However, it was really lovely to see how humble they were and how important the teachers were in their lives to get them to where they were wanting to go. The President of the Australian Science Academy, Professor Jagadish, he said how if it wasn't for his science teacher, he would be presently sowing seeds in a rice farm in India. So the impact that a teacher can have on a student or many students is very amazing.

DR: And your Principal, Malinda Findlay, she has said that you're really inclusive in your teaching. So, I was wondering if you could describe how you've managed to create an inclusive culture in your classroom?

JS: Well, I have a diverse number of students from different cultures in my classroom, so it's always really exciting for them to teach me about their culture.
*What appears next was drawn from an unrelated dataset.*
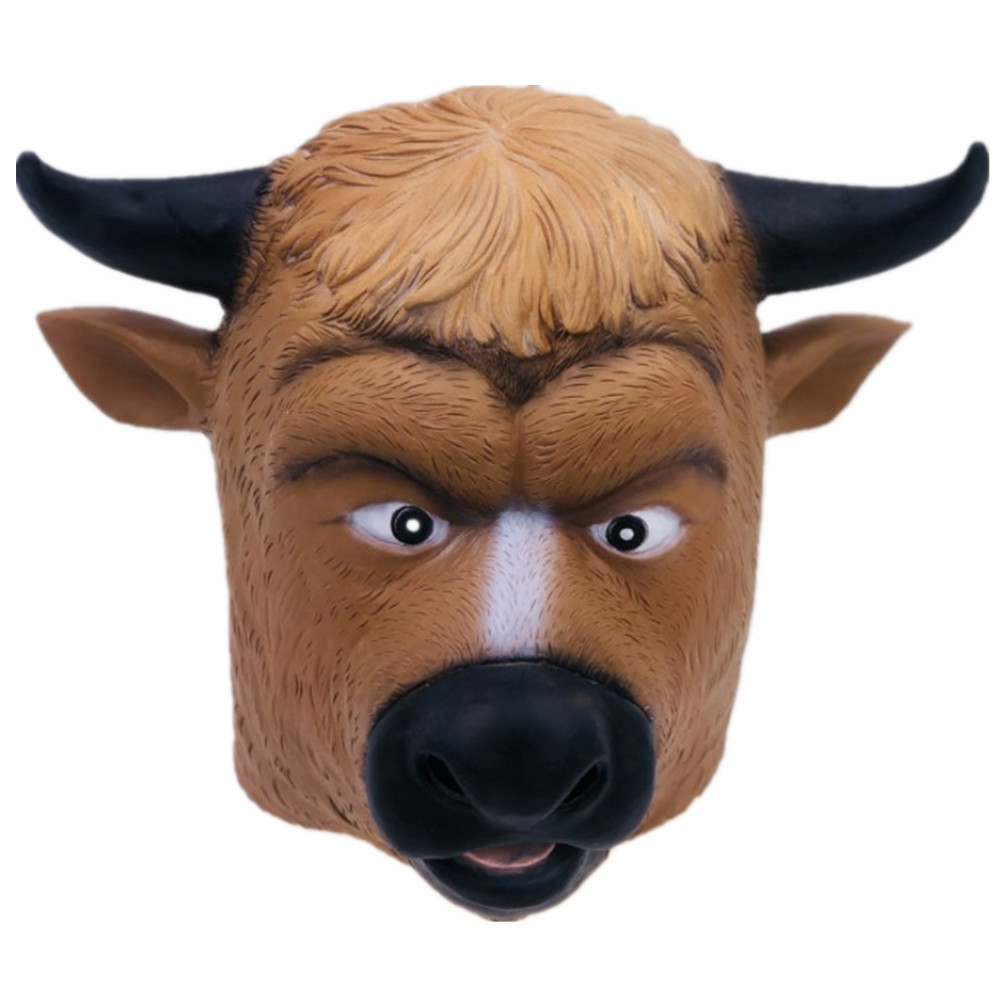 新大话西游牛魔王头套动物牛头面具黄牛乳胶道具牛年年会派对装扮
We've just recently celebrated Diwali. We have a Punjabi boy in our classroom (Indian background) and it was really lovely for him to be able to educate the rest of the students and me about his special culture and special celebrations. But before that – I always do that whenever I've got a student from a different nationality – but also we had an Indigenous friend come to the classroom to teach us Indigenous greetings, so that when they were marking the roll, they could say ‘welcome’ or ‘good morning’ in their own Indigenous language, which was really exciting for them and also to learn about their own culture and also to share it with other students.

So, I've sort of included that in a book that I wrote too, that we may get to, in the sense that the book encapsulates so much Reef Guardian work that we've done. So I've included those stories and different children that have been relevant, you know, to all our different learnings in the classroom to be inclusive. And it's so, so much amazing learning when you start talking about inclusiveness and the different backgrounds of people and circumstances. And, yeah, it's actually really lovely and almost gives you goosebumps when you hear other students be so excited, and their families, for really valuing their history and background as well. So, yeah, it's really exciting actually.

DR: And you've also been recognised for some events that you've helped organised in your community like the Reef Together and Science Together events. Can you tell me a bit about those events and also the opportunities that they were able to provide to students?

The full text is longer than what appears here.